Chapter 2-1 Adverse Impacts of The Three Gorges Dam: Introduction

2.1 Introduction

In the previous chapter, I endeavored to provide a detailed account of the magnitude and statistical aspects associated with the construction of the Three Gorges Dam. The last of the 26 hydro-elective generations have been installed only a few years ago and were made ready for commercial operation in 2009. Although the construction of the Three Gorges Dam was, as we have earlier observed, partly inspired by the problem of floods, drought control and the technological ways in which these particular problems might be managed, the controversy surrounding the Three Gorges Project, began when Sun Yet-Sen proposed a rudimentary version of the dam in 1919, with the publication of his “plan to develop industry” which featured dam hydropower as the predominant energy source required to bring China to modernization (People’s Daily, n.d.). However, the actual planning phase ‘debate period’ commenced with Sun Yat-Sen’s initial proposal in 1913, which urged that China’s most effective way to satisfy its energy needs for industrialization would reside in hydroelectric power. None the less, we observed that the construction phase of the Three Gorges Dam did not eventuate until 1994 and was brought to its completion in 2009. The planning phase of debate clearly represents the most protracted period of ‘specific topic’ public debate, perhaps in China’s history.

The second phase of the debate refers to discussion, which took place during the actual construction phase of the dam. Although many of the alleged virtues of the dam and objections to it arose in the original planning phase, they were reiterated during this second phase of debate. The construction phase highlighted also the emergence of actual, not just hypothetical problems. Real issues for debate, such as the dam’s prohibitive cost, especially over-run costs which were predicted by critics to far exceed the official estimates, figured prominently. In addition, a number of other real problems were confronted such as the unanticipated practical engineering problems, actual and new projections of environmental problems, along with humanitarian and socio-cultural concerns associated with the actual, not just hypothetical dislocation of well in excess of a million local residents, both within and in proximity to the dam construction and river flow areas.

I shall endeavor to show that the social, economic, environmental and human suffering costs of the Dam have yet to be fully recognized and addressed. Similarly, although the general concern about the geological risks of building such a humongous project in seismically active regions have been controversial ever since the project’s inception. The risk that the environmentally invasive assault caused by the dam construction might actually increase the frequency of earthquakes and landslides is only now, years after its construction, getting the attention it deserves. The controversy surrounding these issues has been revived in the face of new seismic activity, which indicates that the stability of the earth base under the dam has been compromised (Williams, 1993 &1999).
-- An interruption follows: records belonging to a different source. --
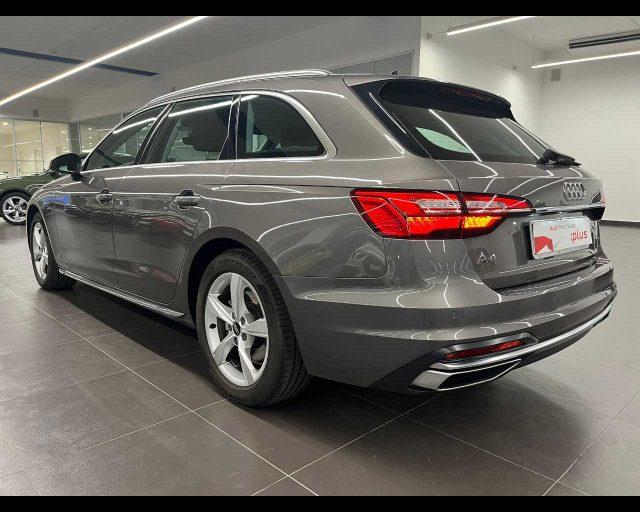 AUDI A4 Avant 40 TDI quattro S tronic Business Advanced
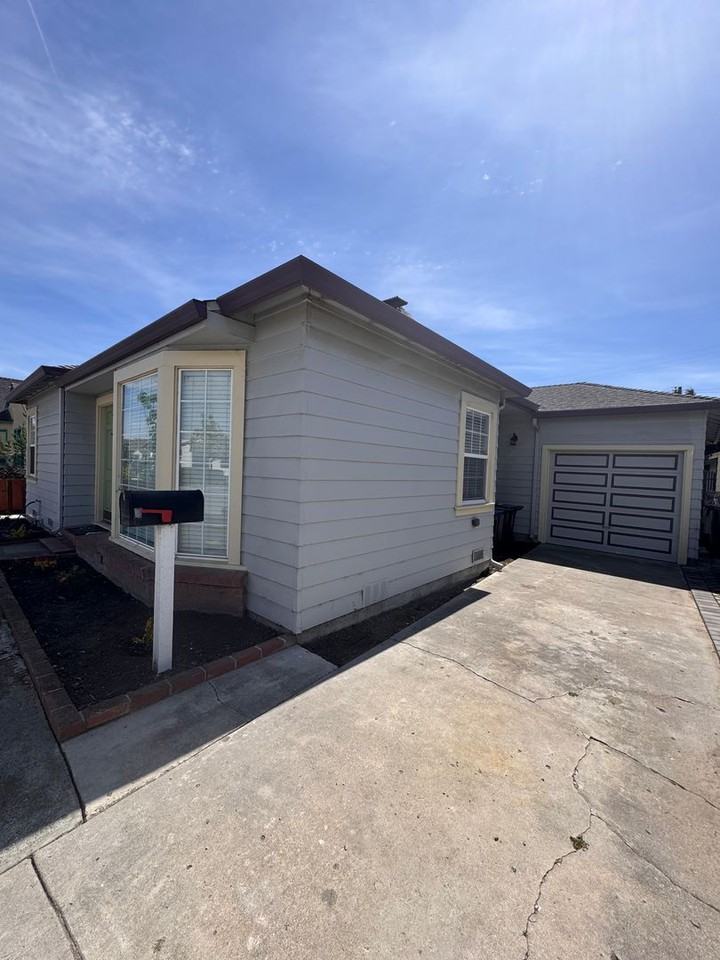 21 Orange Dr - Photo 3 of 26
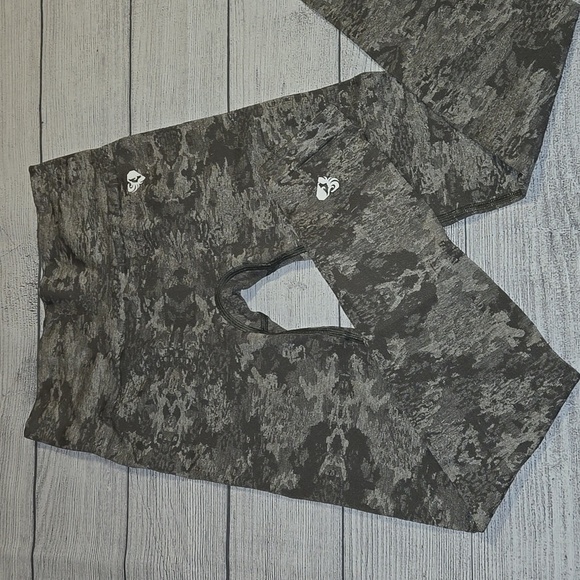 Women’S Best Pants - Women's Best Seamless Leggings Camo Size M NWOT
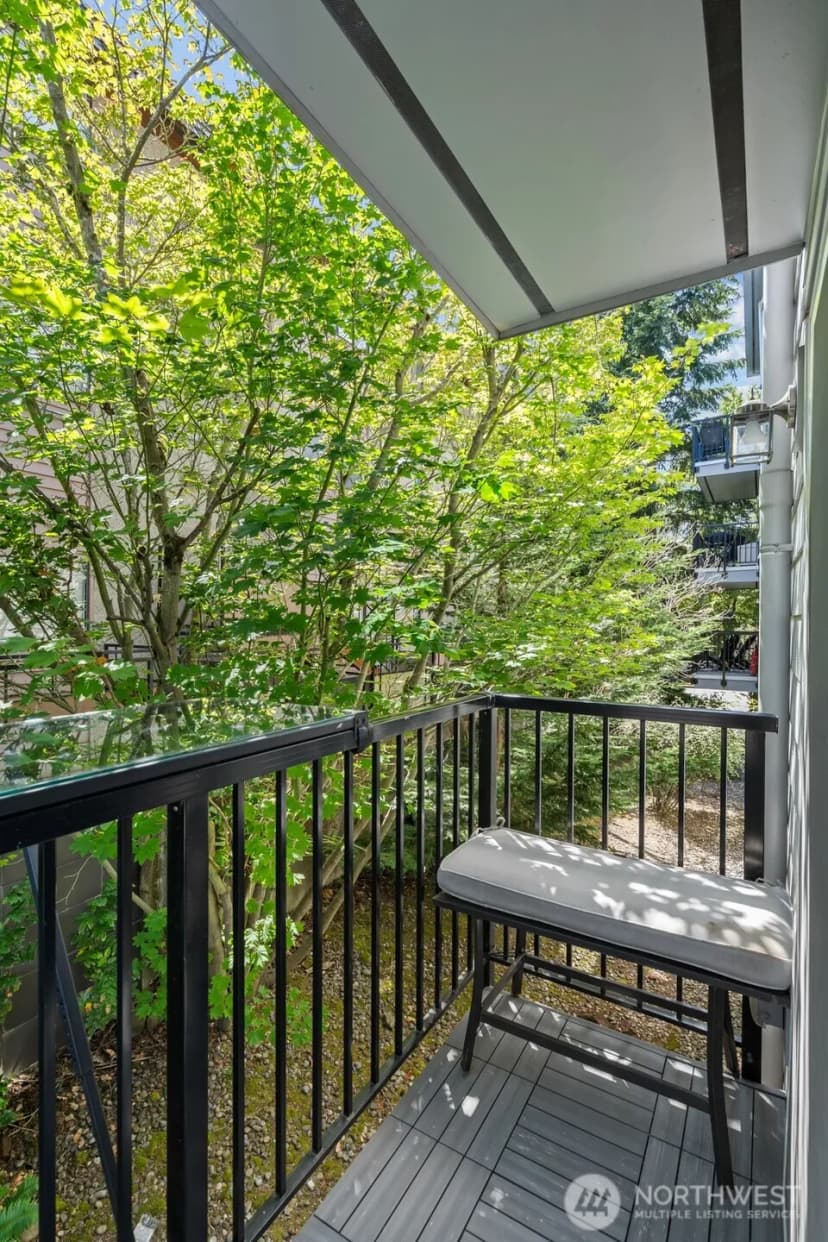 Property photo for 5912 California Avenue Sw #201, Seattle photo 15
Earlier admonitions about such concerns are being increasingly shown to be frighteningly accurate, and the persistent emergence of unanticipated problems has given detractors of the project an unrelenting level of consternation and fear (ibid). 

In a statement issued after a meeting presided over by former Premier Wen Jiabao, the State Council conceded that the Three Gorges Dam had caused severe disruption to the established harmony of the environment in which if was built, an area of 633,000 square kilometers shared by eight provinces (YWRP,1999). Making these points explicit, the Global Times writes that according to Fan Xiao, Head of Regional Geological Survey Group of Sichuan Bureau of Geological Exploration of Mineral Resources in an interview with the Global Times, “Extreme conditions have increased since the Three Gorges Dam started to store water, but more scientific research is needed to prove a link between them” (People’s Daily, 2011). One worry is that the shipping, agricultural irrigation and water supplies in the lower reaches of the Yangtze River are being irrevocably compromised.